In un Paese normale, visti i tempi e la rilevanza del personaggio, gli organi inquirenti avrebbero già fatto luce. Da noi, si procede per corvi, per veline, per soffiate: piaccia o non piaccia. Siamo diventati un impero sul quale non tramonterà mai l’ombra: colpa nostra, non solo «merito» delle procure. Al posto di Buffon, convocherei una conferenza per spiegare il giallo tabaccheria. Nello stesso tempo, sono curioso di vedere come finirà questa storia: sempre che continui.

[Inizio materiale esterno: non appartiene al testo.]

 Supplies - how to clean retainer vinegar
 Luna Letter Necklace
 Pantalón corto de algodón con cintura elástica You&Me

Per concludere, prime sentenze di Scommessopoli. Pene scandalosamente miti, in linea con i «quaranta sfigatelli» evocati da Cesare Prandelli. Chi lo spiega, adesso, a Michel Platini?

Il codice (pat)etico

Roberto Beccantini29 maggio 2012

Domenico Criscito no e Leonardo Bonucci sì ribadiscono quanto il confine tra etica ed etichetta sia labile e subdulo. Un avviso di garanzia con perquisizione in camera (a Coverciano) batte, dunque, un avviso di garanzia (spiccato e non arrivato): l’importante è saperlo. Avrei portato Criscito, scritto ieri; e per la proprietà transitiva della logica, anche Bonucci. Nel rispetto totale di coloro che non la pensano come me – e, quindi, avrebbero bloccato entrambi per questioni di opportunità, di morale o quant’altro – credo che Cesare Prandelli abbia adottato la decisione sbagliata.

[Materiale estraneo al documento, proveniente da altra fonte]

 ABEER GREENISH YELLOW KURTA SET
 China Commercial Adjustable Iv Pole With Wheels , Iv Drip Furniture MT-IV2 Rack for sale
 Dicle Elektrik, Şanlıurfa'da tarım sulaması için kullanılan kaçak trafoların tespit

La voce del popolo non sempre è la voce di Dio, ma è chiaro che la cesura del ct fomenterà pissi pissi da bar sport, Bonucci è della Juventus e Criscito lo era, Bonucci è un pesce e Criscito un pesciolino. Non toccare il tasto della presunzione di innocenza – che, viceversa, andrebbe pigiato, sempre – significa mettersi dalla parte del torto, a maggior ragione di fronte a una decisione così politica e così ipocrita. La «pressione disumana» con la quale Cesare aveva addobbato l’Europeo di Criscito, per giustificarne l’esclusione, ha tutta l’aria di un alibi cucinato al volo e al dente, su ricetta di Giancarlo Abete.

Cesare resta un allenatore che studia il calciatore attraverso l’uomo. Lo avrei gradito più coraggioso: o tutti dentro o tutti fuori; sia che l’uno, Criscito, abbia ricevuto l’avviso di garanzia, e l’altro, Bonucci, non ancora; sia che il reato contestato al secondo risulti meno grave di quello notificato al primo.

Siamo alle solite: gli esempi che vengono dall’alto – e in questo caso, l’alto è Prandelli – lasciano spazio alle capriole dell’incoerenza e alle acrobazie del codice (pat)etico. Tutto il mondo ride di noi. Come alla vigilia dei Mondiali 2006, ultima stampella alla quale aggrapparci.